Data shown
Start of Block

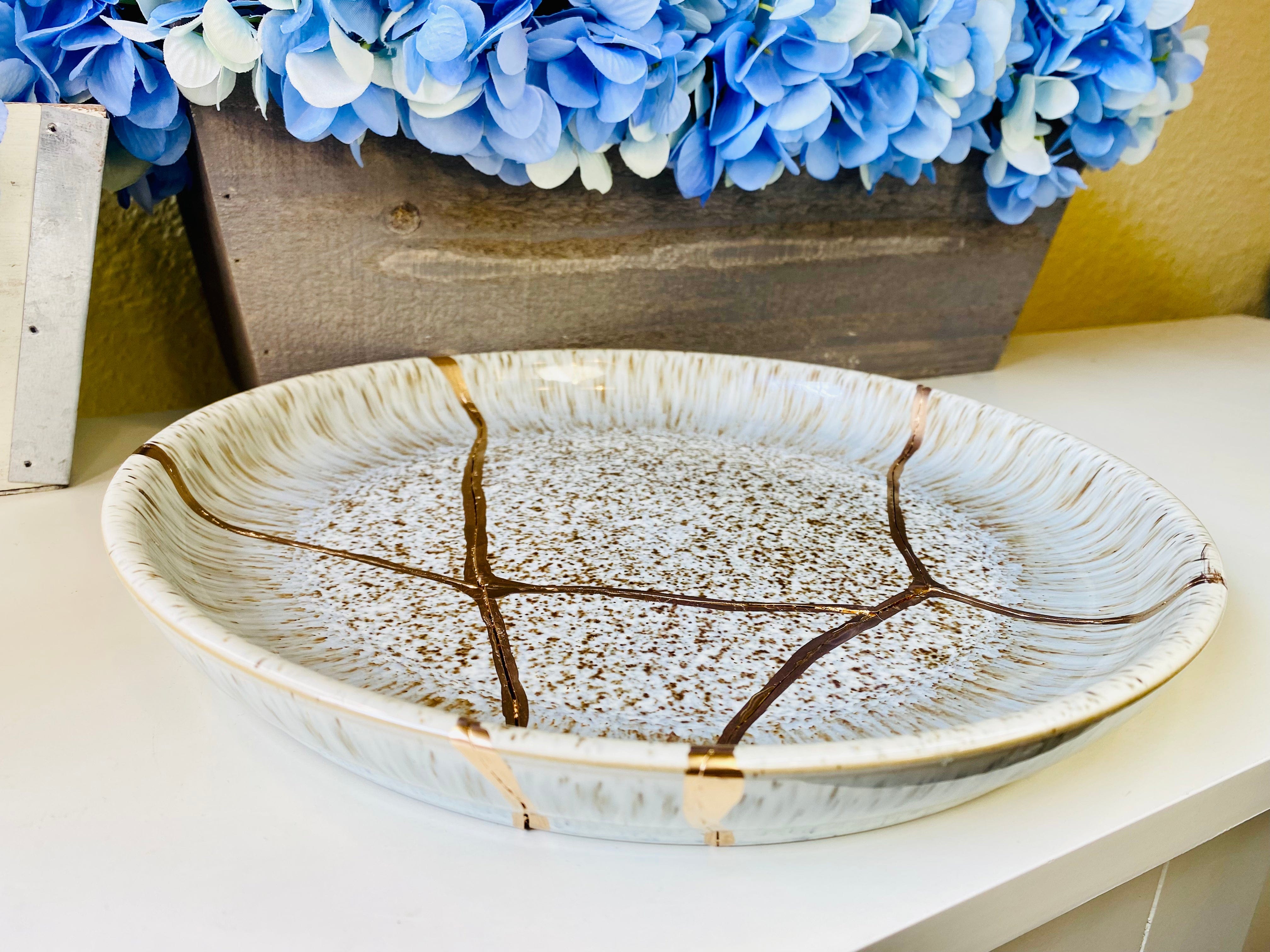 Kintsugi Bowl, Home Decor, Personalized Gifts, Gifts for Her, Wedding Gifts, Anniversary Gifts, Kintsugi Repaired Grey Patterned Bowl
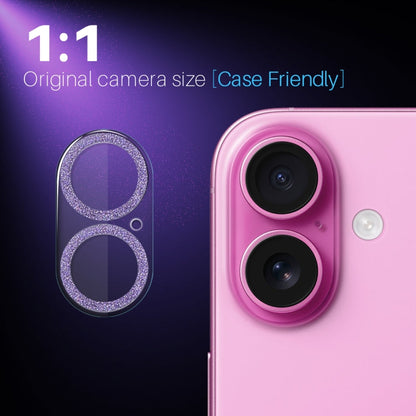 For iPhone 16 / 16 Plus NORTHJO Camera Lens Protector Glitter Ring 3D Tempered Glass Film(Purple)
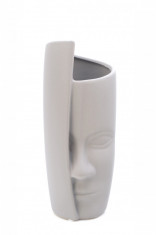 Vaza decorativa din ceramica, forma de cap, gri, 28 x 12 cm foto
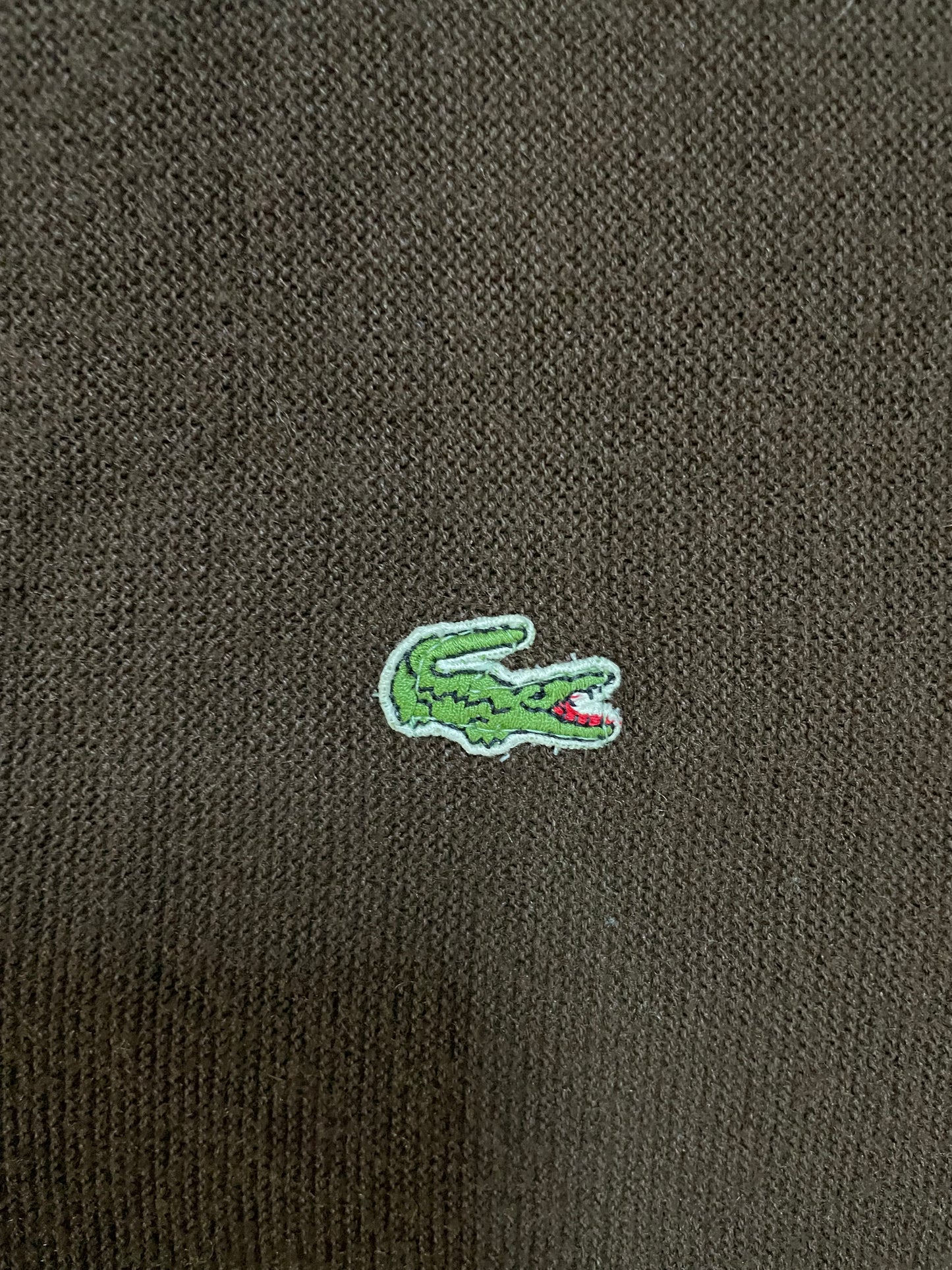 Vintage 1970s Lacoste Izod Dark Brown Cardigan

End of Block

Work task
Give back exactly the lines from the one that contains "For iPhone 16" to the final line of the data above, both included, with all pictures removed.

Response
 For iPhone 16 / 16 Plus NORTHJO Camera Lens Protector Glitter Ring 3D Tempered Glass Film(Purple)
 Vaza decorativa din ceramica, forma de cap, gri, 28 x 12 cm foto
 Vintage 1970s Lacoste Izod Dark Brown Cardigan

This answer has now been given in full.